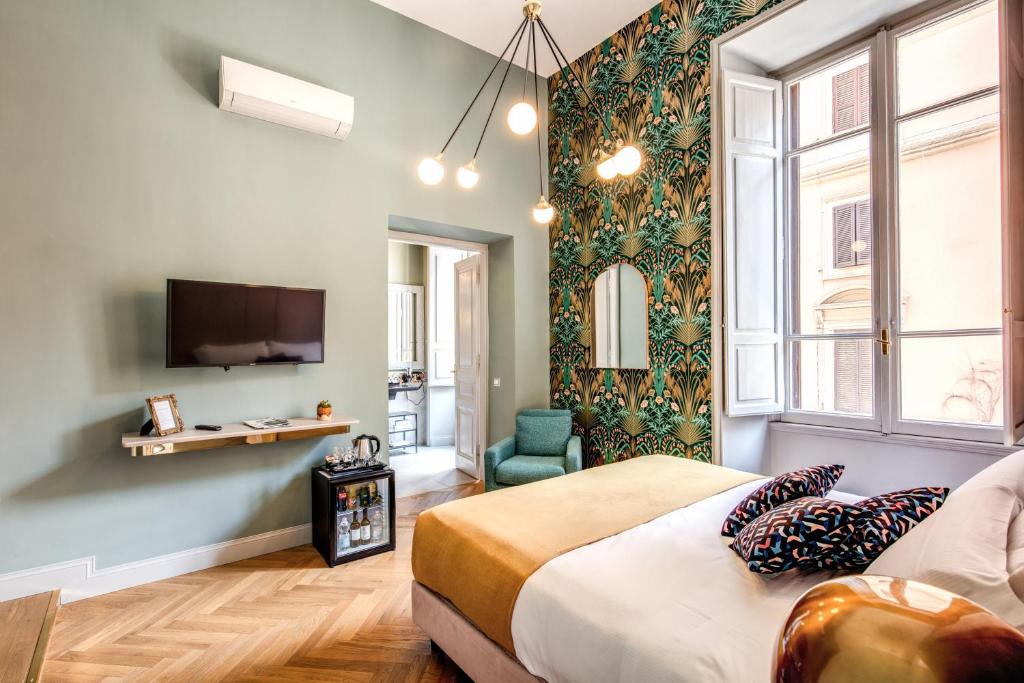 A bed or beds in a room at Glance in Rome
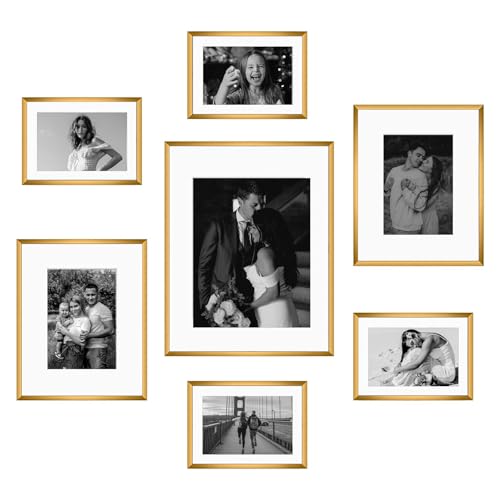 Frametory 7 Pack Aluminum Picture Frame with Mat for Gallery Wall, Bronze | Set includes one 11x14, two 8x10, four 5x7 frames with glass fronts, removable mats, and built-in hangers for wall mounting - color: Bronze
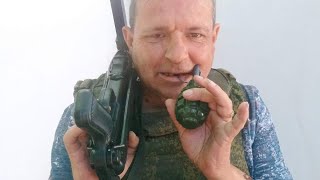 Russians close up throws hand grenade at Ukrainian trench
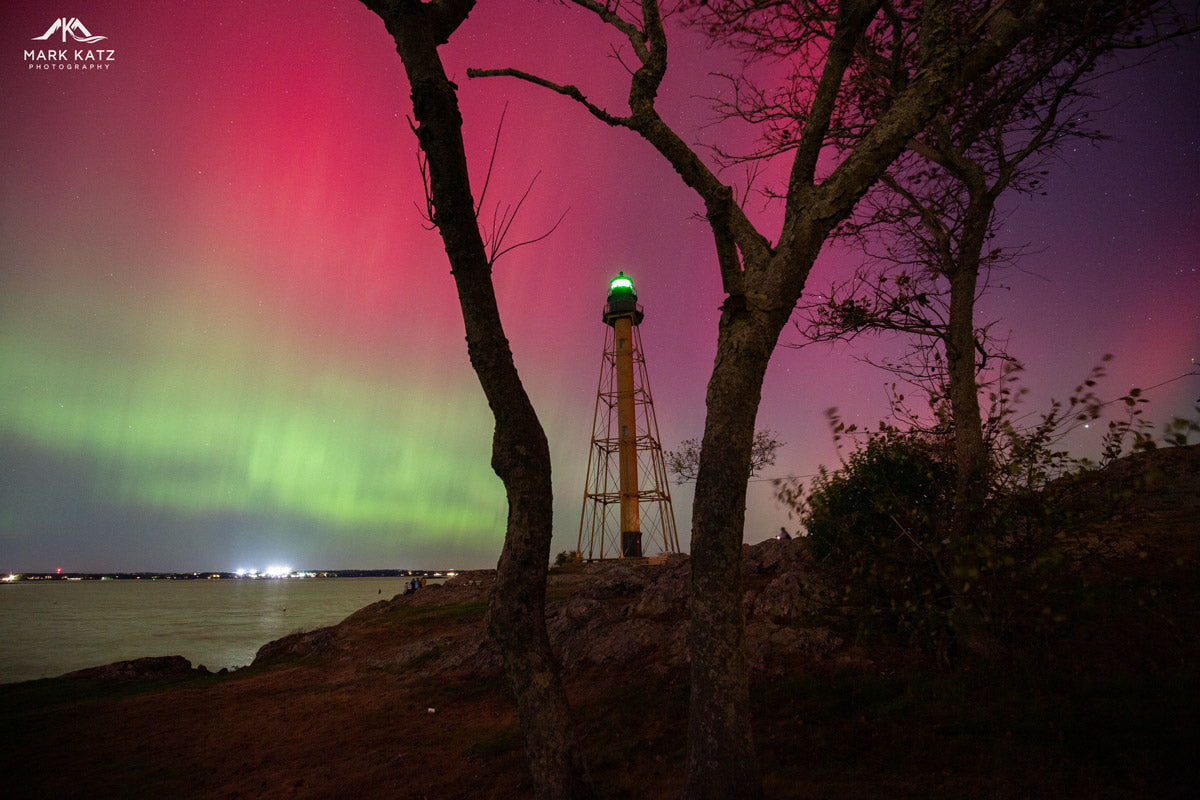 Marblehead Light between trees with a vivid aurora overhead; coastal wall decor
---
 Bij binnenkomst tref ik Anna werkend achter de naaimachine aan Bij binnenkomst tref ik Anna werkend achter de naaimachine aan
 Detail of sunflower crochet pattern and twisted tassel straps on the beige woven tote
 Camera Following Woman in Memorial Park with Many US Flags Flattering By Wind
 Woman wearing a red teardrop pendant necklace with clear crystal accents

Task details >> Working from the data above, repeat exactly, and only, the lines that begin at the line containing "A bed or beds in a room at Glance in Rome" and stop after the line containing "Russians close up"; pictures are not copied.

Answer space >>
 A bed or beds in a room at Glance in Rome
 Frametory 7 Pack Aluminum Picture Frame with Mat for Gallery Wall, Bronze | Set includes one 11x14, two 8x10, four 5x7 frames with glass fronts, removable mats, and built-in hangers for wall mounting - color: Bronze
 Russians close up throws hand grenade at Ukrainian trench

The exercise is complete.